O isolamento não é um fator de normalidade da sociedade. Ao contrário, ele é de extrema violência para o convívio social, mesmo sendo muito importante neste momento pelos fatores já mencionados. Sendo algo anormal, deve ser superado, com muita racionalidade, responsabilidade e colocando os interesse públicos em primeiro plano, tanto os interesses pautados pela saúde pública, como pelos empregos e manutenção da renda das famílias.
Os araraquarenses que puderem ficar em isolamento, fiquem.
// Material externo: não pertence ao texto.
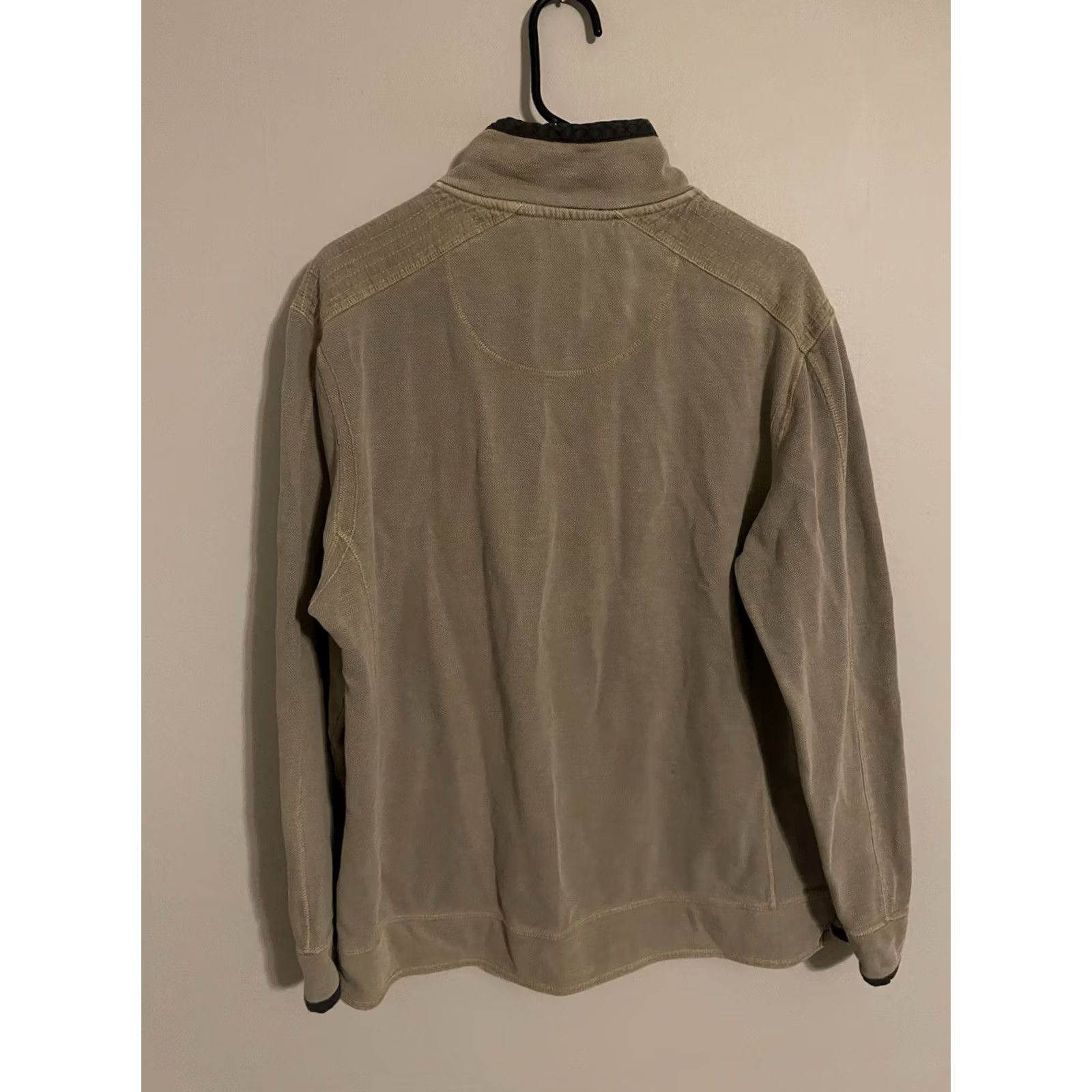 Carbon Carbon 2 Cobalt 9 Yards Textured Henley Pullover Canvas Sweater Large Men's Size US L / EU 52-54 / 3 - 4 Thumbnail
Estarão se protegendo e protegendo os que amam. Os profissionais das funções essenciais que são obrigados a trabalhar, os que não têm mais condições financeiras para a manutenção do isolamento (que temos a obrigação de organizar esse retorno às atividades), que prestem serviços para a nossa comunidade e busquem a superação das dificuldades vivenciadas, e cabe a nós, poder público, caso adoeçam, garantir toda a assistência médica.
Em Araraquara temos agido com muito rigor na defesa da saúde pública. Os tópicos acima demonstram isso, mas também tenho pautado nossa equipe de governo para não cairmos na armadilha “do caminho único”: ou isolamento ou trabalho. Essa falsa contradição não nos interessa.
Vamos também com muita ponderação, sempre olhando para os dados da Saúde, e seguindo as diretrizes do Comitê de Contenção do Coronavírus, buscar manter a atividade econômica e por consequência os empregos e a renda das famílias da nossa cidade.
Sou muito grato à extensa Rede de Solidariedade que construímos, do quanto estamos arrecadando alimentos, produtos de limpeza e higiene pessoal. Isso tem feito a diferença na vida das famílias em vulnerabilidade e tem nos ajudado na expansão dos nossos programas de segurança alimentar. Por mais que isso signifique muito para essas famílias, nada substitui a dignidade do trabalho e da renda oriunda desse.
Não é hora de extremismos e partidarização de temas como: defesa da vida, defesa da dignidade das famílias, que só existirá com empregos, trabalho e renda. É hora de fugirmos das falsas polêmicas e nos unirmos em torno do bem maior: a vida com qualidade.